"Paul von Hintze: a German Diplomat in Mexico (1911-1914)"
Supervisors: Prof. Dr. Julia Preciado (CIESAS), Prof. Dr. Servando Ortoll (Centro de Investigaciones Culturales-Museo), Prof. Dr. Ricardo Pérez Montfort (CIESAS), Prof. Dr. Stefan Rinke (FU Berlin)
Between 1911 and 1914 German foreign policy activity in Mexico was represented in the figure of the admiral and minister plenipotentiary Paul von Hintze. At the time, there were several major changes regarding the position of Germany and Mexico within the international state system. At the beginning of the Mexican Revolution, Germany had two objectives in their foreign policy: avoid any conflict with the U.S, and defend their economic interests in Mexico. My purpose in this work is to address the vision of Von Hintze regarding the political and military strategies of Presidents Francisco I. Madero and Victoriano Huerta. It is clear that, due to his military training Von Hintze’s position was very different form other “career” diplomats residing in Mexico.
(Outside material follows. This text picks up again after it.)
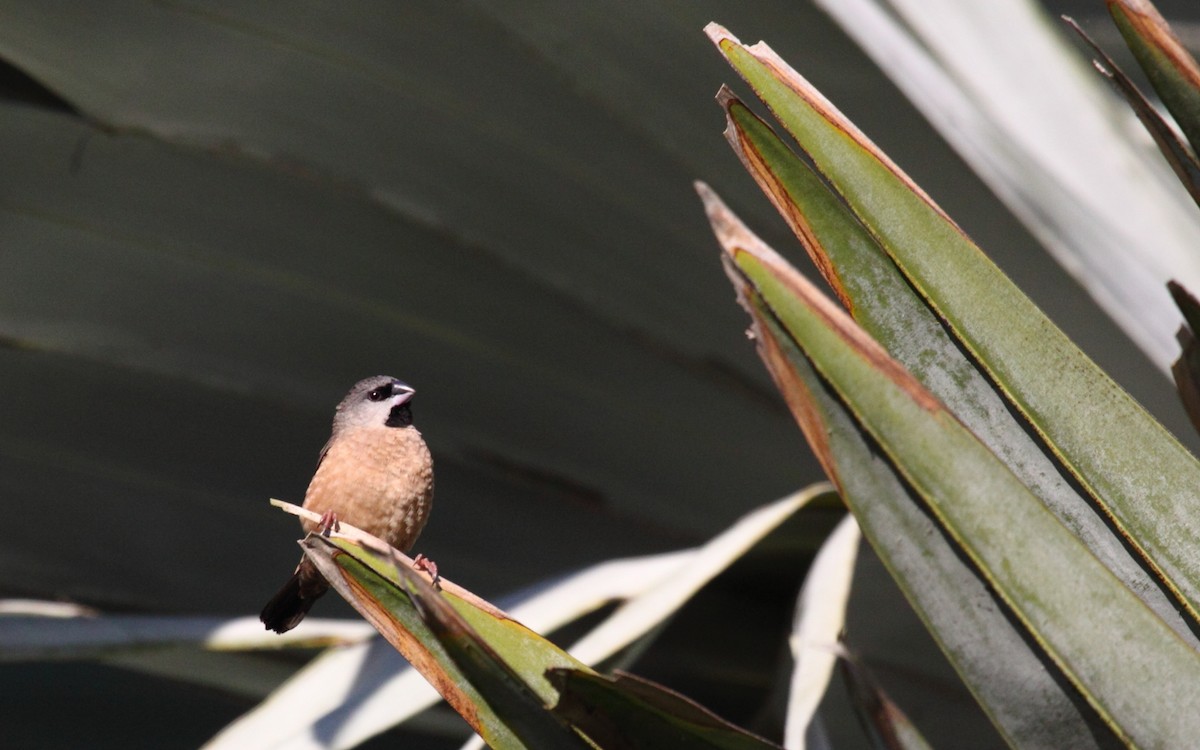 Madagascar Munia - ML295407231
Through Paul von Hintze, we see that our understanding of the political times, daily life and German influence on Mexico during the first part of the Mexican Revolution, sheds a light on current events. Although Von Hintze could not fulfill his intentions while in Mexico, his strategies and skills as minister plenipotentiary were highly valued by the German government and especially the Kaiser Wilhelm. My biographical study of Von Hintze is based on the theory of state, imperialism, diplomatic relations and the theory of masculinity. In war scenarios, men were expected to enact certain behavioral patterns rooted in the rites and values of manhood. Heroism was the maximum expression, followed by sacrifice and martyrdom. Parting from nineteenth century tradition, the German residents of twentieth century Mexico received strong support from the Wilhelmine imperialism. This coincided with the recent creation of the nation state of Germany and its growing competition with other European nations, within a framework of economic expansionism. The economic interests and motives behind the intervention on the internal politics of Mexico, seen in countries like Germany, France, England and the United States, helps us clarify some aspects of German capitalism and its expansion on Latin America.